*** TASK DATA ***

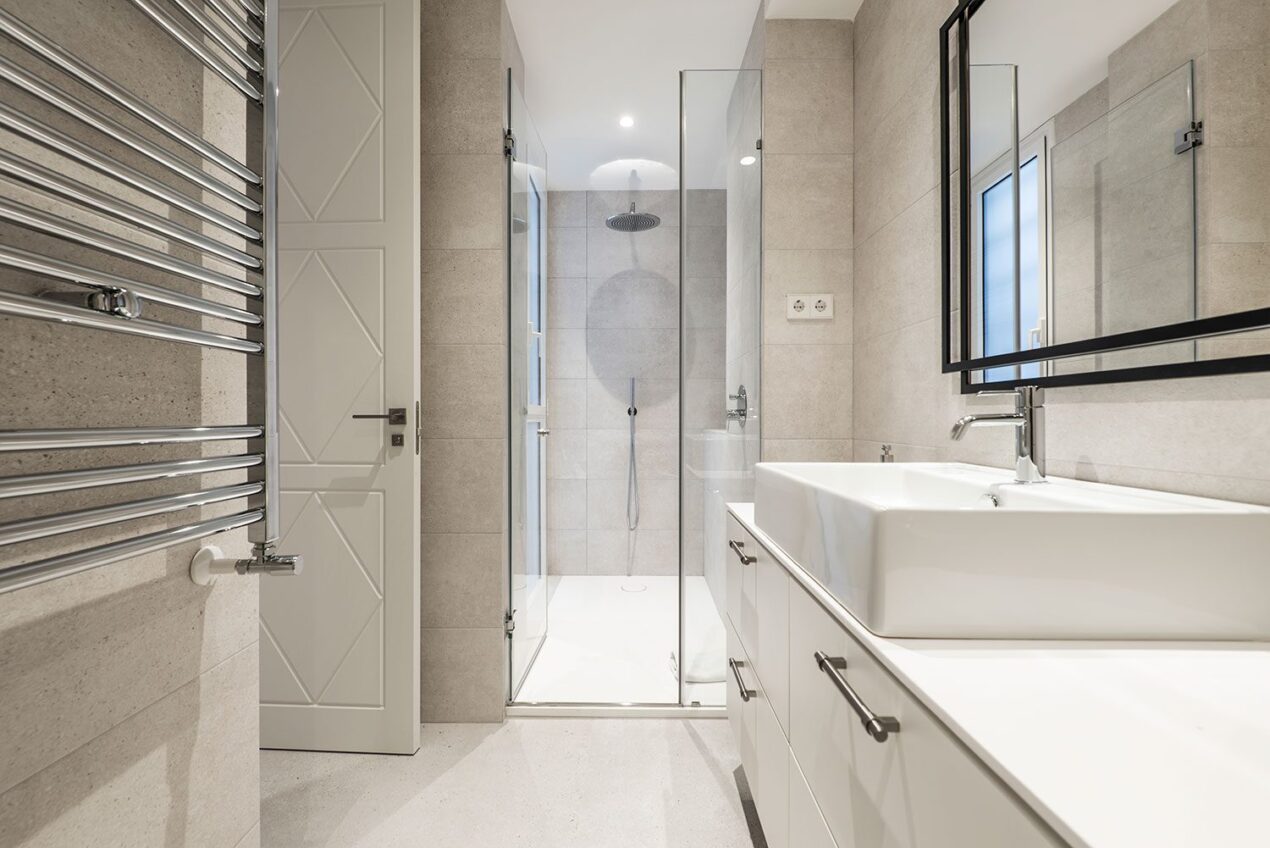 Bright contemporary bathroom with a frameless glass shower door and chrome towel rail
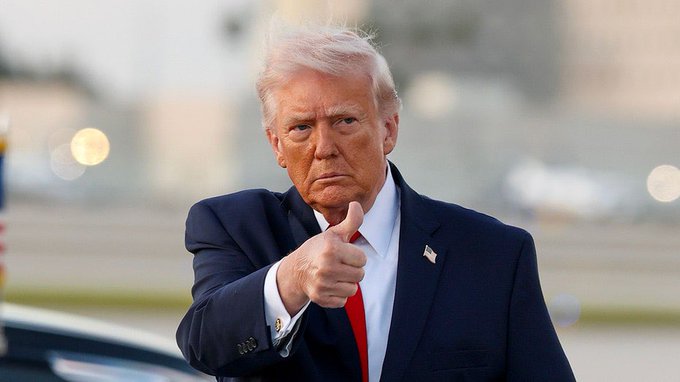 Donald Trump, dressed in a dark suit and red tie, gives a thumbs-up gesture with a serious expression while standing outdoors.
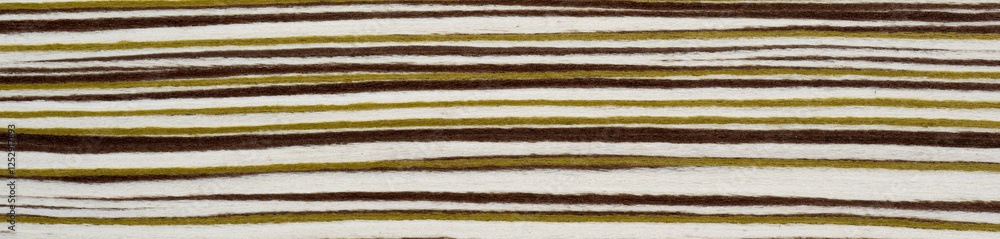 Country stripes in earthy tones march across this textured veneer surface Country stripes in earthy tones march across this textured veneer surface
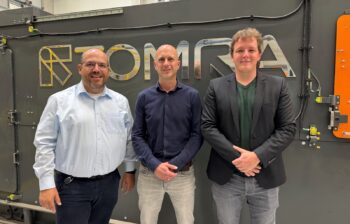 three men stand in front of a TOMRA sorting machine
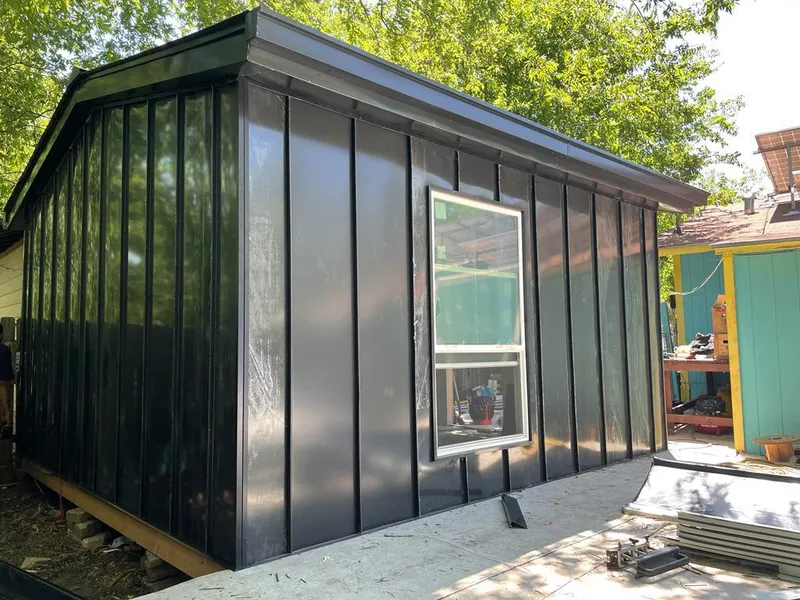 Black standing seam metal wall panels for Roof Inspection in Seagoville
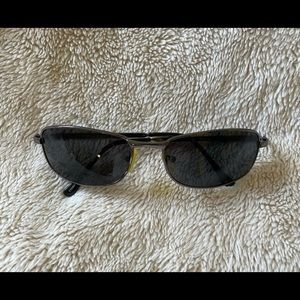 Classic style black sunglasses with a tint of blue! Great with all outfits!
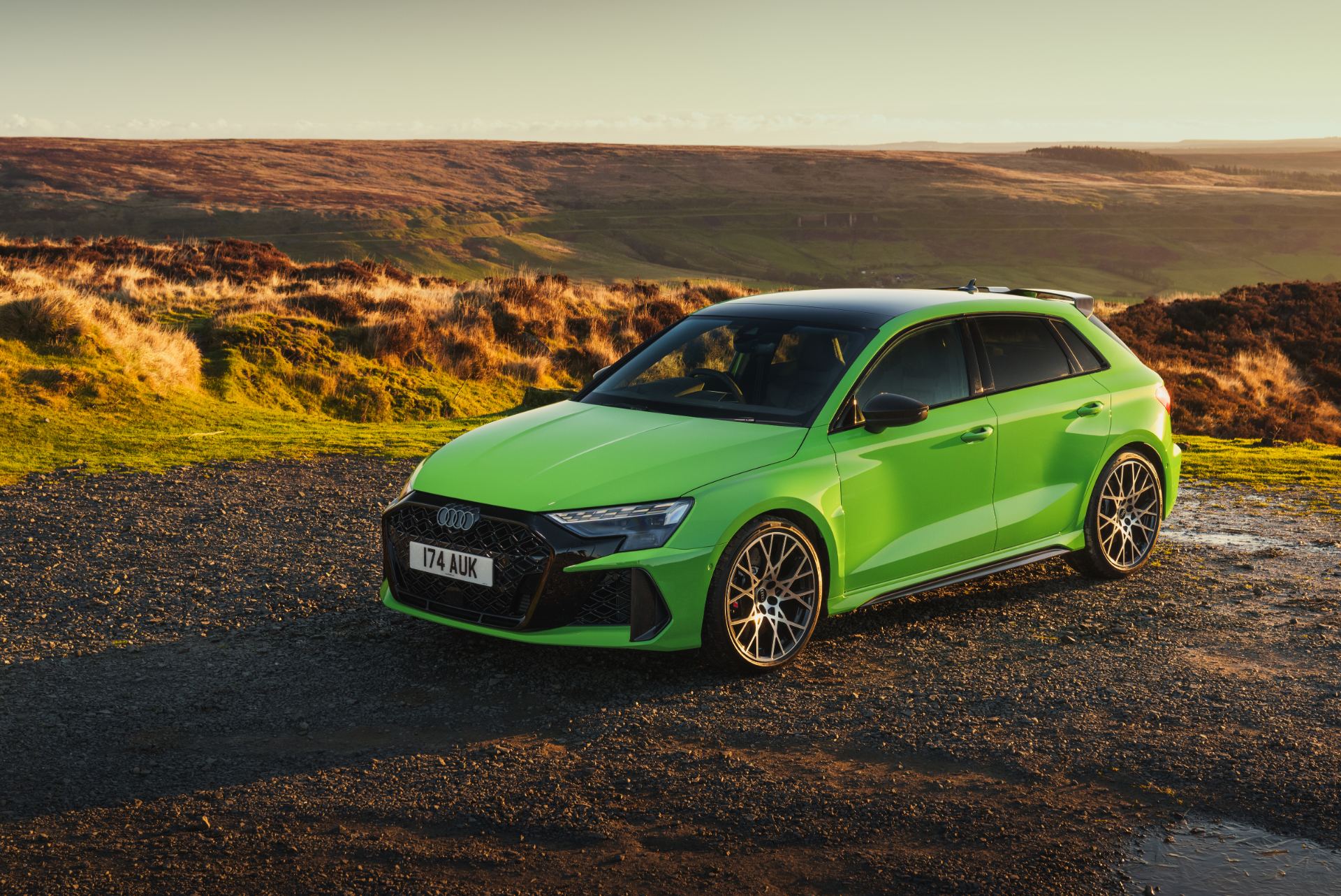 2025 audi rs 3 sportback front three quarter moorland green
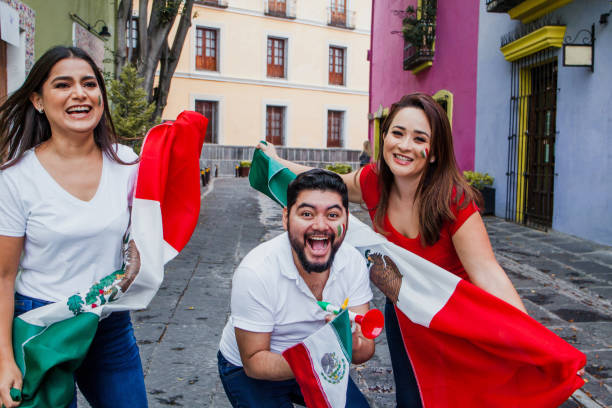istock Young mexican soccer fans holding flags in Mexico 1331012155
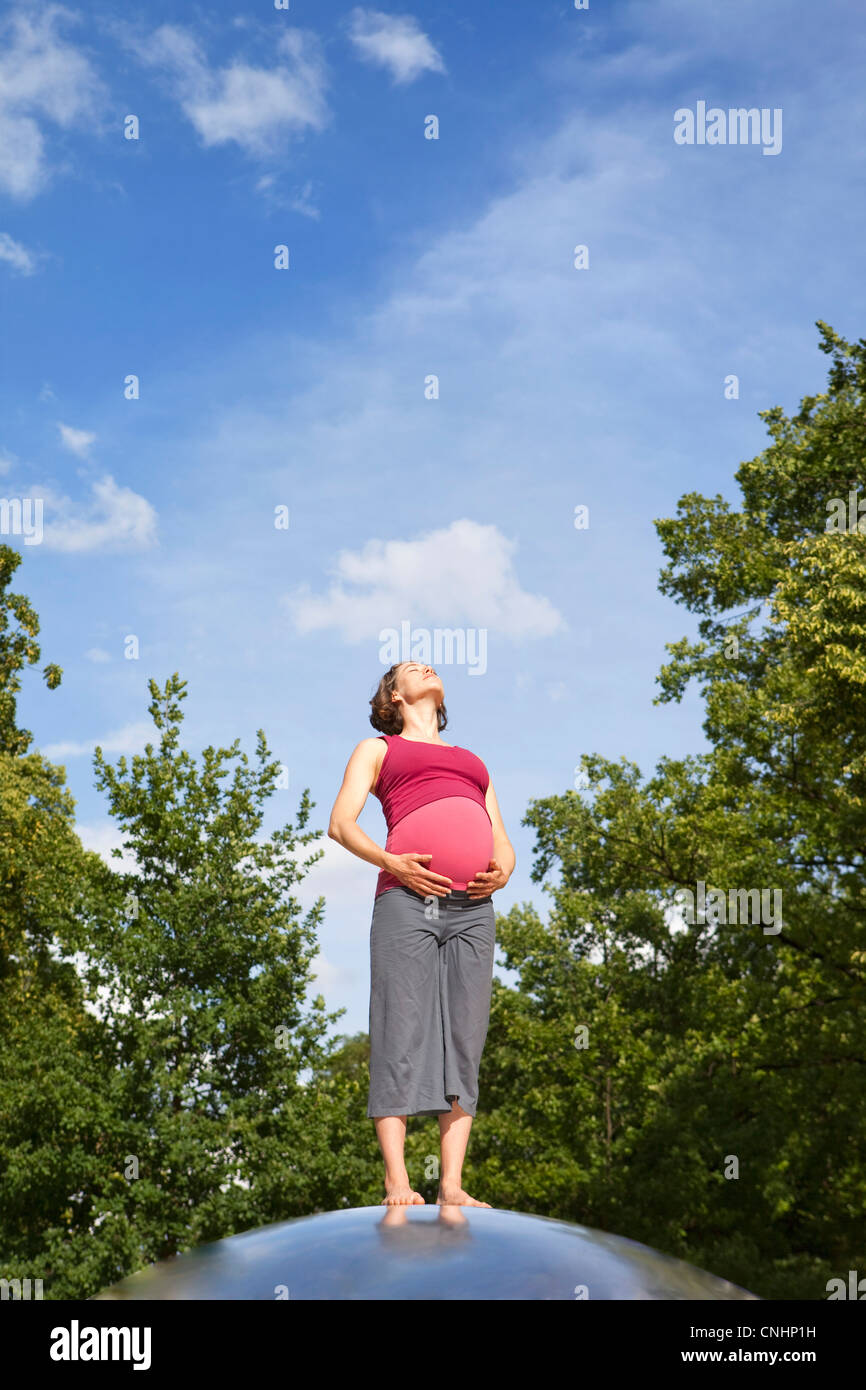 Una donna incinta in piedi in natura crogiolarsi al sole Foto Stock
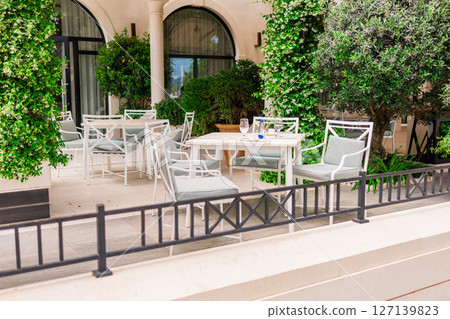 Elegant outdoor cafe terrace with white furniture and lush greenery. Relaxation, summer lifestyle, and modern hospitality. Elegant outdoor cafe terrace with white furniture and lush greenery. Relaxation, summer lifestyle, and modern hospitality. 127139823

*** End of TASK DATA ***

The lines above starting at the one that holds "Donald Trump, dressed" and ending at the one that holds "Una donna incinta" are to be written out exactly, ends included, and no pictures are to be copied.

 Donald Trump, dressed in a dark suit and red tie, gives a thumbs-up gesture with a serious expression while standing outdoors.
 Country stripes in earthy tones march across this textured veneer surface Country stripes in earthy tones march across this textured veneer surface
 three men stand in front of a TOMRA sorting machine
 Black standing seam metal wall panels for Roof Inspection in Seagoville
 Classic style black sunglasses with a tint of blue! Great with all outfits!
 2025 audi rs 3 sportback front three quarter moorland green
istock Young mexican soccer fans holding flags in Mexico 1331012155
 Una donna incinta in piedi in natura crogiolarsi al sole Foto Stock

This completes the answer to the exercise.